The size and complexity of the tree is entirely down to the size and complexity of the query that is parsed. Benjamin Nevarez has some interesting trace flags in his post
(http://www.benjaminnevarez.com/2012/04/more-undocumented-query-optimizer-trace-flags/) which show the logical and physical trees used as part of the compilation process.
A look in detail at the parsing
The parser uses CParser from sqllang.dll which seems to have two roles, firstly it retrieves the actual characters from the string and then stores the tree, it adds operations to the tree by adding new step into the tree.
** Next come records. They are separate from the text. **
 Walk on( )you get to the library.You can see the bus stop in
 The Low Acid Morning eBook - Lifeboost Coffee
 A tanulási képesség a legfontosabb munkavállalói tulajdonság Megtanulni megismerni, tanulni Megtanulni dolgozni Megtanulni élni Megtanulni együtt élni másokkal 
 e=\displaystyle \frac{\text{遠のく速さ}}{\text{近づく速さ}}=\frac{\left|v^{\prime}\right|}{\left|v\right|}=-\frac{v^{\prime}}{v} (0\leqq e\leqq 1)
The batch parser uses a model based on yacc and lex, the internal functions are yyparse and yylex, yyparse is particularly long and probably generated using yacc or what was once yacc but is now, perhaps, heavily customized.
What are yacc and lex?
Aside from sounding like a weird cow like animal that is particularly hard to shear and a character from superman, yacc and lex are basically the most widely used tools by compilers to understand the text that they are given. It is often easy to forget that Sql Server is, amongst other things, a compiler, well it is! Sql has to do something with the text that it receives and yacc and lex are the answer.
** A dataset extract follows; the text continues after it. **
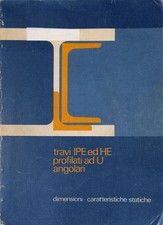 Travi IPE ed HE profilati ad U angolari. Dimensioni, caratteristiche statiche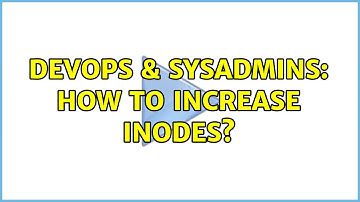 DevOps & SysAdmins: How to increase inodes? (2 Solutions!!)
Lex breaks the text into tokens, it has a set of tokens it is trained to find, so for example it will know that “select”, “insert”, “with”, “for” and “1980” are all tokens and they have a specific type.
Yacc understands when and where certain tokens can be used, for example “NATIVE_COMPILATION” is a token that lex can parse and returns to yacc that it it a valid token but it is up to yacc to decide whether it is valid after a “SELECT” or only valid after a stored procedure definition on an instance of Sql Server where Hekaton is enabled (i.e. 2014 enterprise edition).
Typically with yacc, what happens is you have a grammar definition that specifies the tokens and where they are valid and then you use yacc to compile that garmmer into actual source code which is essentially a giant state machine which parses queries into a tree. To give some idea about size for this, I believe that the main switch statement in Sql 2014 has 3534 entries in it, this is far to large to be managed sensibly by developers so I really hope that the query parsing team don’t have to manage it manually!
The process for decoding a string is that yyparse which is the state machine built by taking the T-Sql grammar file and compiling it by yacc keeps calling yylex which returns the type of token that it has found until it reaches the end of the string at which point it returns -1.
While yyparse retrieves valid tokens it takes action according to the type of token so for example, the token returned by yylex is a SELECT token then yyparse adds a step into the tree held by the CParser to do a select and adds in all the values needed such as whether there is a table and what the table name is.
What makes the whole process so quick is that firstly that it is basically one big while loop wrapping a case statement which uses only a minimum amount of instructions to parse the text and it makes only a single parse through the query, it isn’t pretty and probably isn’t very easy to write unit tests for but it is fast and does the job. It certainly has to as it is used every time any text is sent to Sql Server to execute, whether valid or invalid.
How was this info gathered
Although I would love to have access to the Sql Server source code, I don’t, this was gathered using a debugger (windbg / cdb), the public symbols and a real thirst for understanding how Sql Server parsed the strange queries that is sent so accurately, quickly and consistently. The books on Sql Server internals seem to leave off the parser which is a shame as it is so core to everything that Sql does, I guess because it is so reliable there is no need to bother documenting what it does or how it works.